Isso não significa, obviamente, desprezar os argumentos e as evidências que comprovam a veracidade das Escrituras, mas ter  em mente que as questões volitivas e existenciais ocupam lugar de destaque na mentalidade contemporânea. O problema da apatia e do desinteresse em relação à religião envolve falta de vontade, a partir da compreensão de que a existência de Deus é irrelevante para a sua vida em particular e para a sociedade em geral. Uma apologética sábia precisa reagir e responder (1 Pedro 3.15) de forma adequada aos questionamentos do tempo presente, evidenciando, além da racionalidade da fé cristã, as suas contribuições para a sociedade, a coerência de suas doutrinas fundamentais e o sentido que proporciona à vida humana.
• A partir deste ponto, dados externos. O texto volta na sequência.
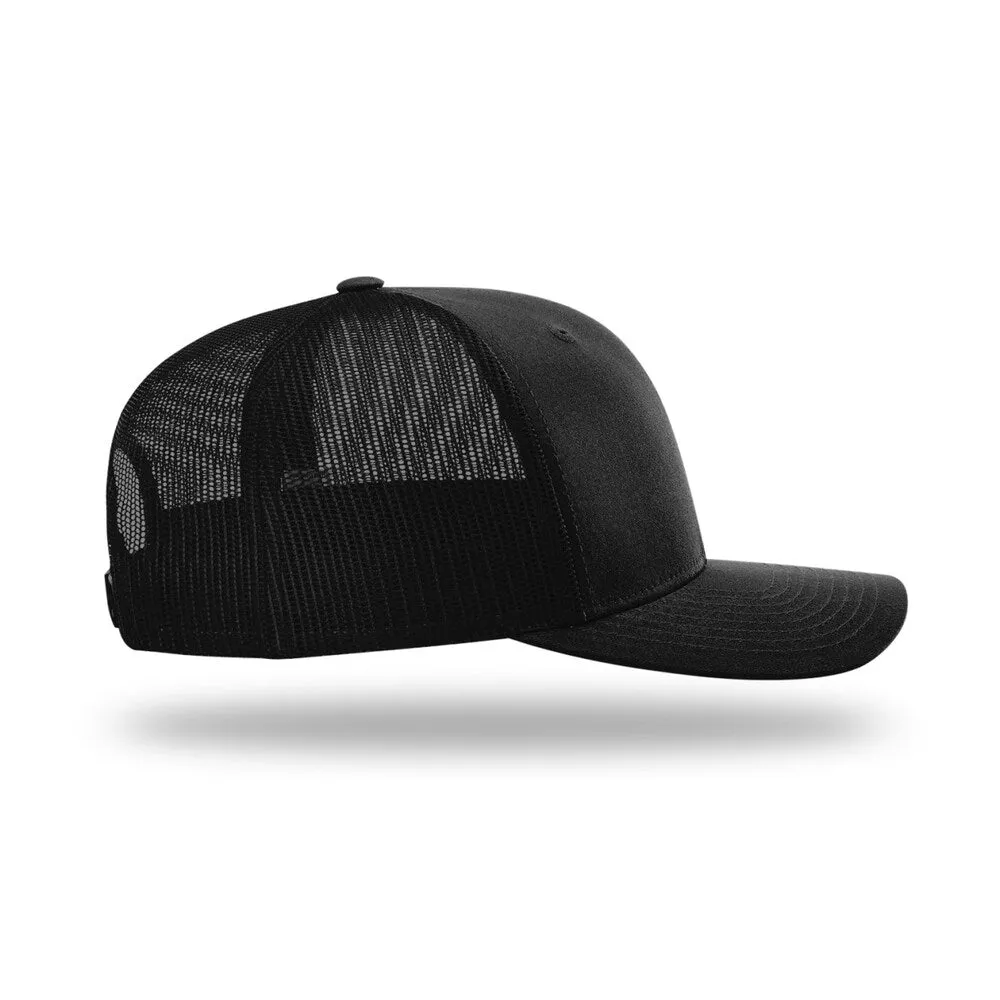 Richardson 112 Classic Trucker Cap - Solid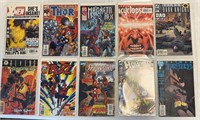 10 Comic Books: Marvel, DC & More: X-men, Batman,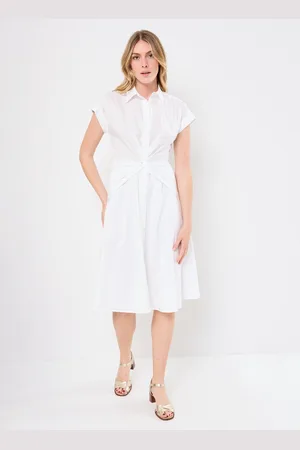 Ralph Lauren Cian Dress-Short Sleeve-Day Dress - Abbigliamento - Taglia 34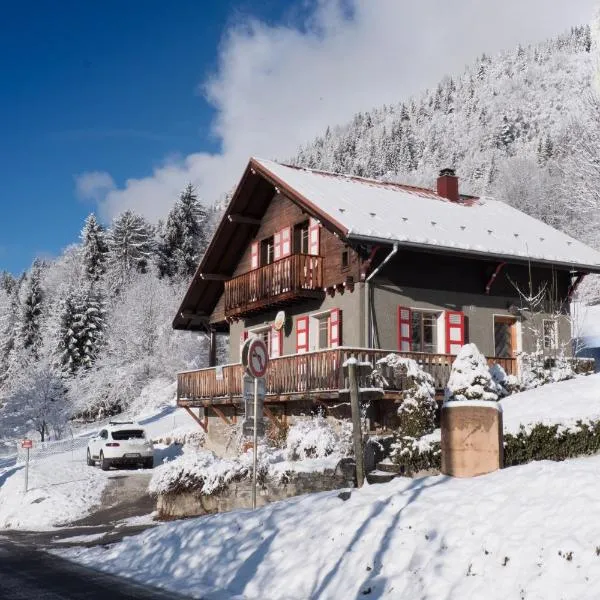 CHALET Les Chouchous，位于夏蒙尼-勃朗峰的酒店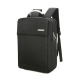 Раница за лаптоп No brand, 15.6", Черен - 45269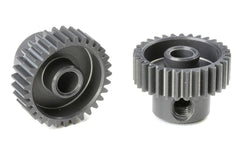 64 DP Pinion - Short - Hard Anodised AL7075 - 31 Teeth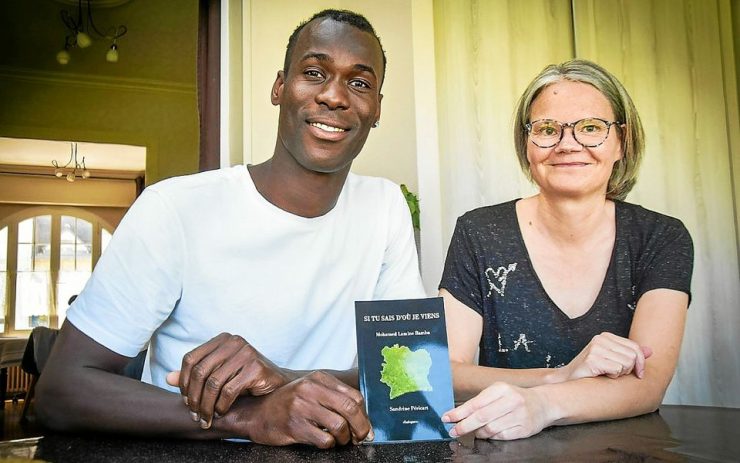 « La rencontre était si belle » : à Saint-Brieuc, Mohamed, jeune migrant, et Sandrine, son accueillante, coécrivent un livre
Em relação aos cristãos atingidos pela apatia, não há outra alternativa a não ser a busca pelo vigor espiritual, compromisso e retorno ao primeiro amor. É preciso lembrar que a palavra “apatia” advém do grego apátheia e significa essencialmente ausência de paixão. Uma vez que a pessoa apática se encontra em estado de impassibilidade e insensibilidade espiritual, a confrontação ao apateísmo não se resolve com mais informações, mas, sim, com quebrantamento e reavivamento provocado pela Palavra de Deus e pelo Seu Espírito, que faz a pessoa voltar ao primeiro amor (Apocalipse 2.4-5). Somente o resgate do amor por Cristo e a paixão pelo Seu Reino são capazes de afastar a apatia espiritual.

Notas

(1) Disponível em: https://www.thepublicdiscourse.com/ 2018/08/21919.

(2) TWENGE, Jean M. iGen: Por que as crianças superconectadas de hoje estão crescendo menos rebeldes, mais tolerantes, menos felizes e completamente despreparadas para a vida adulta. São Paulo: nVersos, 2018, p. 149.

(3) Disponível em: https://www.christianpost.com/news/the-rise-of-apatheism-and-what-it-means-for-christians.html.

(4) MACDOWELL, Josh. Razões para crer: apresentando argumentos a favor da fé cristã. Rio de Janeiro: CPAD, 2011, p. 33.

Por Valmir Nascimento.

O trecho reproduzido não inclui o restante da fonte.